The Best Science Fiction of the Year #11
- Cover of first edition, 1982
- Editor: Terry Carr
- Language: English
- Series: The Best Science Fiction of the Year
- Genre: Science fiction
- Publisher: Pocket Books
- Publication date: 1982
- Publication place: United States
- Media type: Print (paperback)
- Pages: 438
- ISBN: 0-671-44483-2
- Preceded by: The Best Science Fiction of the Year 10
- Followed by: The Best Science Fiction of the Year 12

= The Best Science Fiction of the Year 11 =

1982 anthology edited by Terry Carr

The Best Science Fiction of the Year #11 is an anthology of science fiction short stories edited by Terry Carr, the eleventh volume in a series of sixteen. It was first published in paperback by Pocket Books in July 1982, and in hardcover by Gollancz in the same year.

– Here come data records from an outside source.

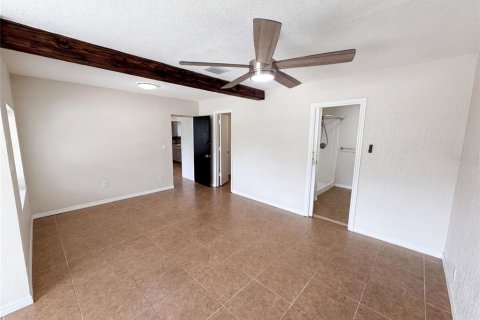 Casa en venta en Orlando, Florida, 4 dormitorios, 153.75 m2 № 2150395 - foto 4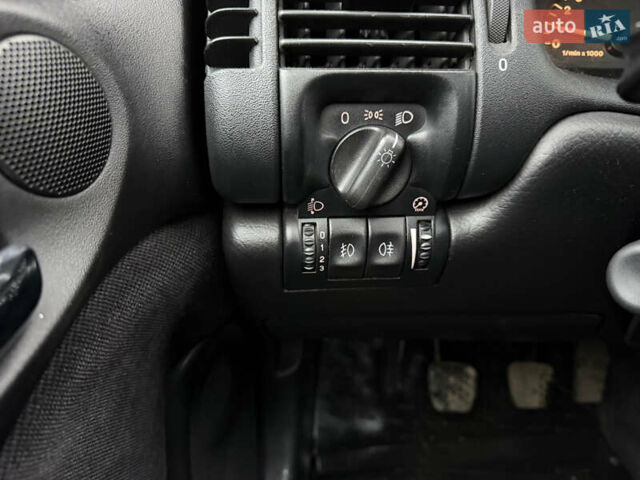 Сірий Опель Вектра, об'ємом двигуна 1.8 л та пробігом 216 тис. км за 3300 $, фото 20 на Automoto.ua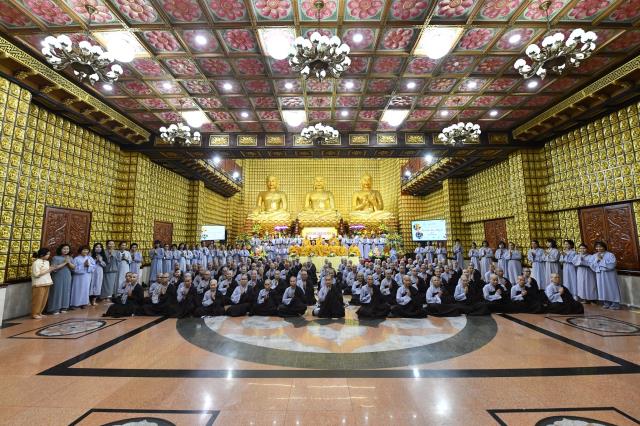 TP.HCM: Gần 170 hành giả tham dự khóa tu Xuất Gia Gieo Duyên tại chùa Giác Ngộ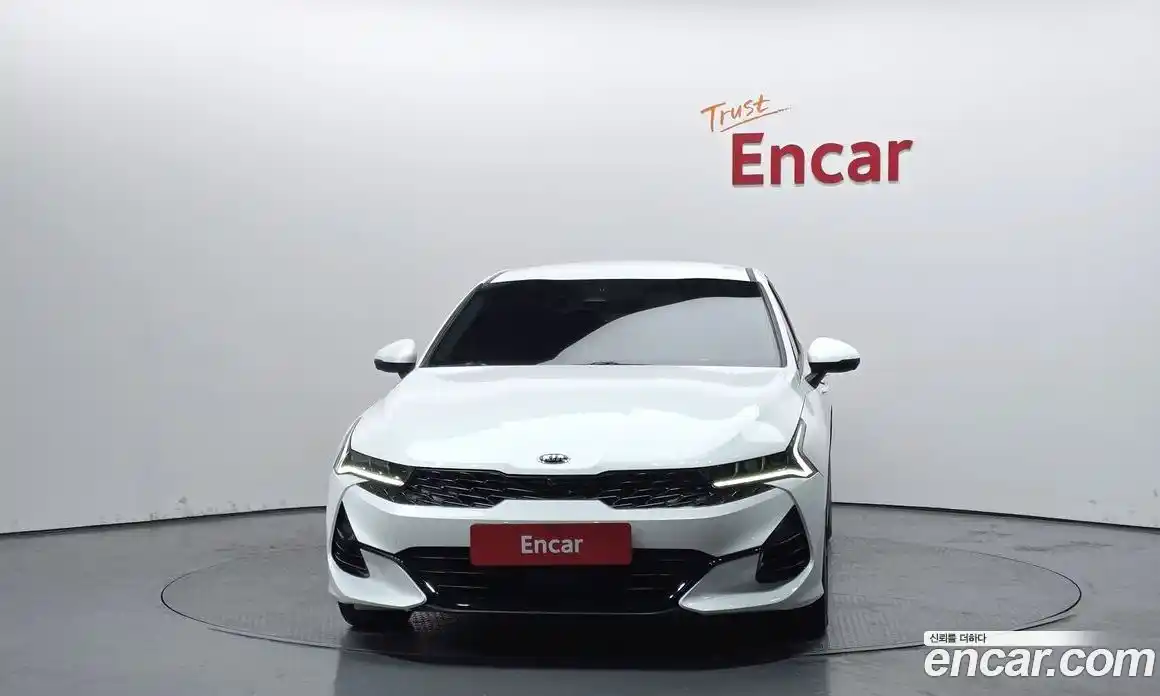 Kia K5 2020 2.0 Автомат в Москве № 120103, фото 5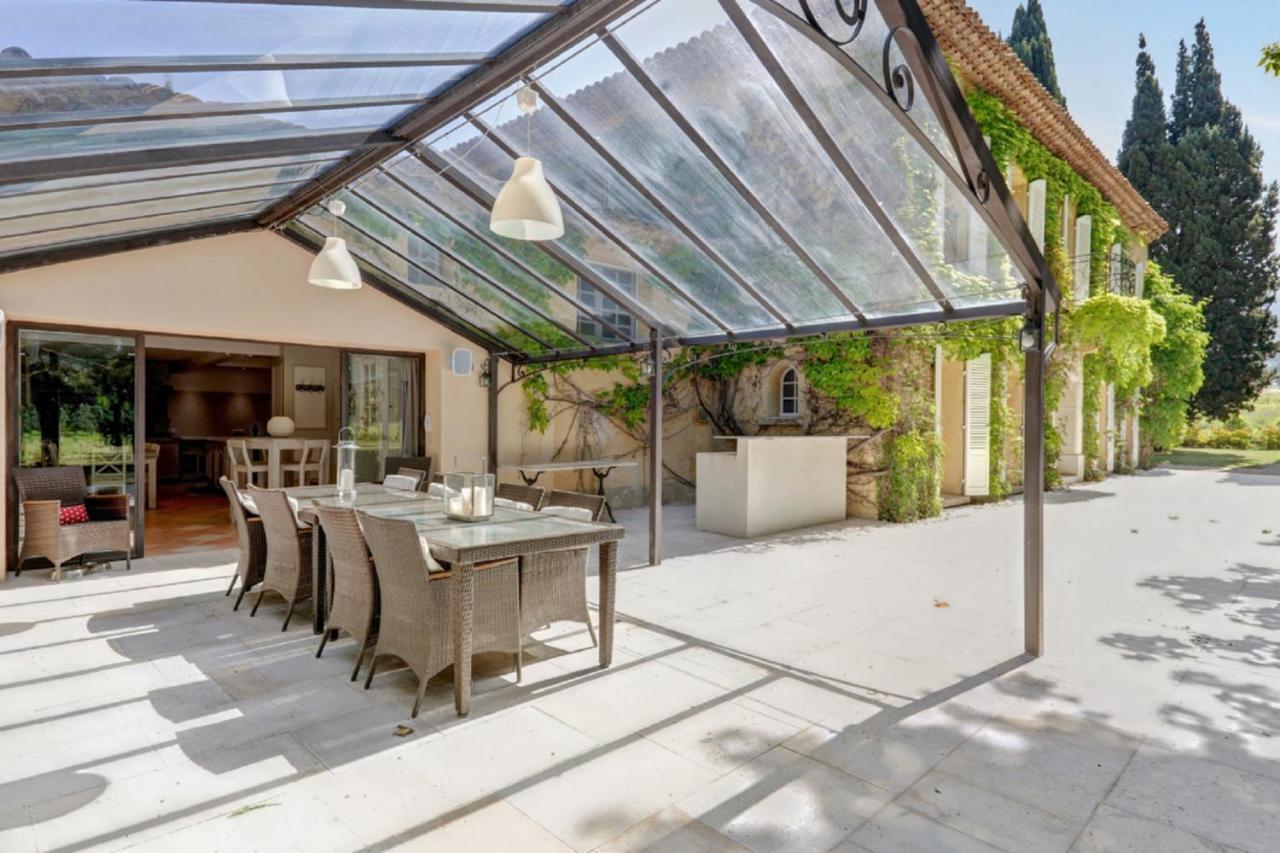 Villa Deluxe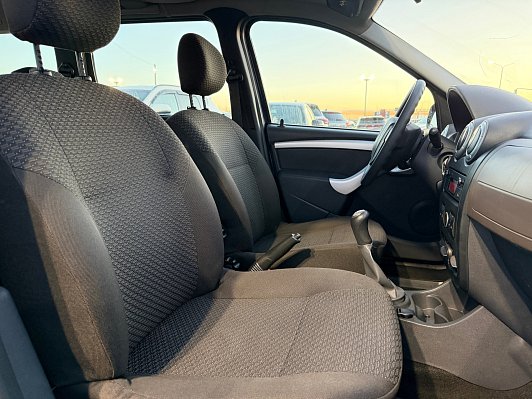 Lada (ВАЗ) Largus Luxe Prestige Glonass (5 мест) (2018-2019), 2019 года, пробег 113753 км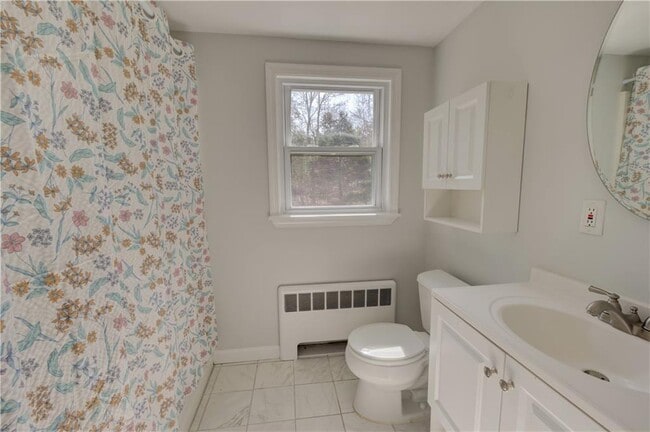 Building Photo - 140 Phillips Rd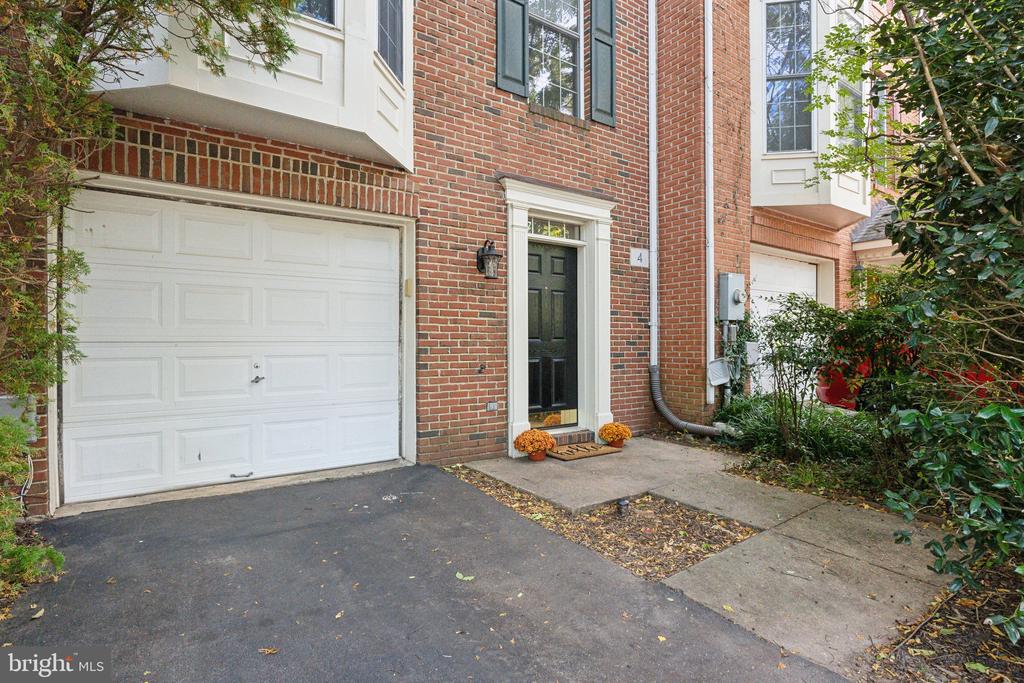 4 Waddington Ln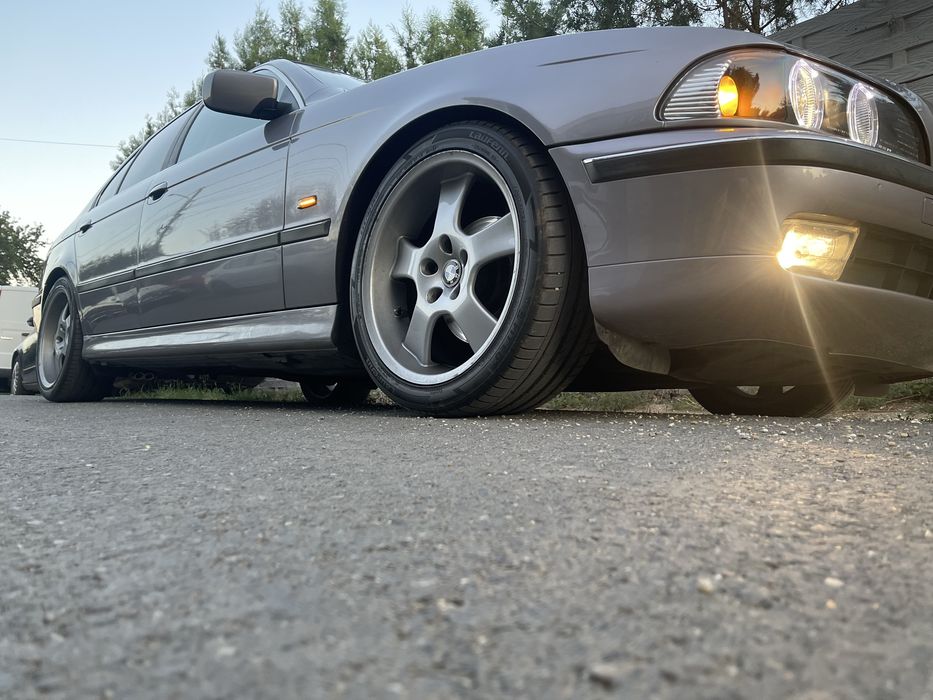 Vand BMW E39 cu acte in regula la zi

The book collects seventeen novellas, novelettes and short stories by various science fiction authors, with an introduction, notes and concluding essays by Carr and Charles N. Brown. The stories were previously published in 1981 in the magazines Analog Science Fiction/Science Fact, The Magazine of Fantasy & Science Fiction, Isaac Asimov's Science Fiction Magazine, Omni, and Science Fiction Digest, the collection A Rhapsody in Amber, and the anthologies Universe 11 and New Dimensions 12.

==Contents==
- "Introduction" (Terry Carr)
- "The Saturn Game" (Poul Anderson)
- "Walk the Ice" (Mildred Downey Broxon)
- "Trial Sample" (Ted Reynolds)
- "The Pusher" (John Varley)
- "Venice Drowned" (Kim Stanley Robinson)
- "Walden Three" (Michael Swanwick)
- "Second Comings - Reasonable Rates" (Pat Cadigan)
- "Forever" (Damon Knight)
- "Emergence" (David R. Palmer)
- "You Can't Go Back" (R. A. Lafferty)
- "Walpurgisnacht" (Roger Zelazny)
- "The Woman the Unicorn Loved" (Gene Wolfe)
- "Serpent's Teeth" (Spider Robinson)
- "The Thermals of August" (Edward Bryant)
- "Going Under" (Jack Dann)
- "The Quiet" (George Guthridge as George Florance-Guthridge)
- "Swarmer, Skimmer" (Gregory Benford)
- "The Science Fiction Year" (Charles N. Brown)
- "Recommended Reading - 1981" (Terry Carr)

==Awards==
The anthology placed first in the 1983 Locus Award for Best Anthology.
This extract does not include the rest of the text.